Whip Your Manners Into Shape

By PAUL GIOVANNIELLO

Although the Fordham gym is not the best-equipped facility in Manhattan, there’s still plenty of room for students to display bad etiquette. (Ali Watts/The Observer)

Published: Febrary 14, 2008

There are certain situations that call for a particular level of etiquette; no cutting in line at the grocery store, no “three guys walk into a bar” jokes at a funeral and no peeking while at the urinal. Working out in the gym at Fordham College at Lincoln Center (FCLC) is another experience that demands a code of conduct. As if going to the gym, working out and leaving hot, tired and sweaty wasn’t enough to make you cranky, there’s still the small matter of dealing with other hot, tired and sweaty people. For those of you not in the know, here are some established rules of etiquette to keep in mind when working out at the FCLC gym:

1. Wipe Up Your Sweat

Many gyms provide you with a towel when you work out for much the same reasons that hotels provide you with bars of soap. Nobody wants to smell you, nor does anyone want to sit in a puddle of your sweat.

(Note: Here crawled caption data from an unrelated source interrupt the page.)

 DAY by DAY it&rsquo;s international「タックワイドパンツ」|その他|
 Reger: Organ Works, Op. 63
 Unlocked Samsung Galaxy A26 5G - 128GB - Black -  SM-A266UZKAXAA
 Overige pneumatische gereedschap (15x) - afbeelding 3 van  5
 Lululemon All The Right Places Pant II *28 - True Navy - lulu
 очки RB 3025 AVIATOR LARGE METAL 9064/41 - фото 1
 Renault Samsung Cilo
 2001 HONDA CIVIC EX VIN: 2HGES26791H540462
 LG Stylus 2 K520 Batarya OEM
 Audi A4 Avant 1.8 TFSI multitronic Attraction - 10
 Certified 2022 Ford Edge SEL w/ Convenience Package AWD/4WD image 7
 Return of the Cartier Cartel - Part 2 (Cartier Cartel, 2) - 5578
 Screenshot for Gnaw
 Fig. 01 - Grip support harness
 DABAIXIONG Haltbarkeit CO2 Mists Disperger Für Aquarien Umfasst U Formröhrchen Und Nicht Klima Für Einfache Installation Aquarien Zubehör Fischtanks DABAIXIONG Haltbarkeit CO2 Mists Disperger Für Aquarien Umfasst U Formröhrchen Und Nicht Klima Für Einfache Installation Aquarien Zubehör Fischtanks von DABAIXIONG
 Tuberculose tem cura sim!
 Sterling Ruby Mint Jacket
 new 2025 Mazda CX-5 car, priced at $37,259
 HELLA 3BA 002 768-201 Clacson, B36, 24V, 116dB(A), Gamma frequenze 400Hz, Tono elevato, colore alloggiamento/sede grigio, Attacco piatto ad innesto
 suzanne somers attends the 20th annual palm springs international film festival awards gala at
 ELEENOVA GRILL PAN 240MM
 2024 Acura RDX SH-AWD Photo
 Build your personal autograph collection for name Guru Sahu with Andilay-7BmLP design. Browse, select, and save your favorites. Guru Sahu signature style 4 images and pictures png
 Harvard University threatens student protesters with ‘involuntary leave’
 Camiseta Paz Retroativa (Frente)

“It’s absolutely gross,” Roger Quiles, FCLC ’09, said. “I hate getting on a machine that’s still wet with someone else’s sweat. Aside from it being gross, it’s completely unsanitary.”

Brian O’Connell, FCLC ’11, added, “If someone has enough time to work out, they have the 30 seconds to wipe it down.”

The gym here is not going to provide you with a towel, so either bring your own or make use of the paper towels and Windex provided in the gym. Always remember to wipe down the machine after you’re done using it; the person next in line will thank you.

2. Work Out

While most of us are exerting ourselves, covered in sweat that may or may not be our own, there are still a few of you who show up to the gym, all dressed up in a fog of Axe cologne or behind a face of painted makeup as if attending a social event.

“People wearing street clothes at the gym always bothered me a little bit,” Quiles said. “I’m talking about the girls in hot pants and a sports bra with full makeup on, and the guys in those obscenely low-cut tank tops with super shorts on.”

The gym facilities on campus are cramped enough as it is, even without all the hangers on. Try to refrain from using the gym as a hangout spot. If you’re looking for some fellow Fordhamites to hang out with, take a trip to the cafeteria instead.

3. Stop Trying to Find a Date

Even worse than the people socializing in the gym are the people who are trying to find dates there.

“Picking people up at the gym is questionable,” O’Connell said. “If someone is just walking around hitting on people, that’s not only creepy, but really unnecessary. Go be skeevy somewhere else.”

Hiram Arnaud, FCLC ’10, added, “The gym should be a place in which you concentrate on your goal. In the classroom we concentrate on the lecture; in the gym we should concentrate on the workout.”

Going around the gym and hitting on your classmates is distracting and “more than a little awkward,” Brittany McGrath, FCLC ’08, said. “I just don’t like being approached when I’m obviously busy. It’s not going to work.”

So next time you think going to the gym to score a few phone numbers is a good idea, remember this: everyone around you would like you to stop.

4. Keep Your Eyes to Yourself

Most of the inappropriate eye contact that occurs in the gym is probably accidental; after all, there are only so many ceiling tiles to count when you’re on the exercise bike. But anything that lasts longer than a glance is in the neighborhood of a stare.

Let’s be honest. No one looks his or her hottest when exercising, so awkward eye contact while the both of you are red-cheeked and wiping your sweaty brows should be avoided whenever possible.

“If I’m working out, I don’t want to have to worry about being checked-out when I least expect it,” Madeline Fajardo, FCLC ’09, said.

An unwanted stare at the gym can send other unintended messages, as well.

“If it’s from another guy, it’s an intimidation thing,” said Nick Davoli, FCLC ‘11. “Almost a challenge of ‘this is what I can do, I doubt you can.’”

Regardless of your intention, a word of advice gym-goers: keep the eye-wandering to a minimum.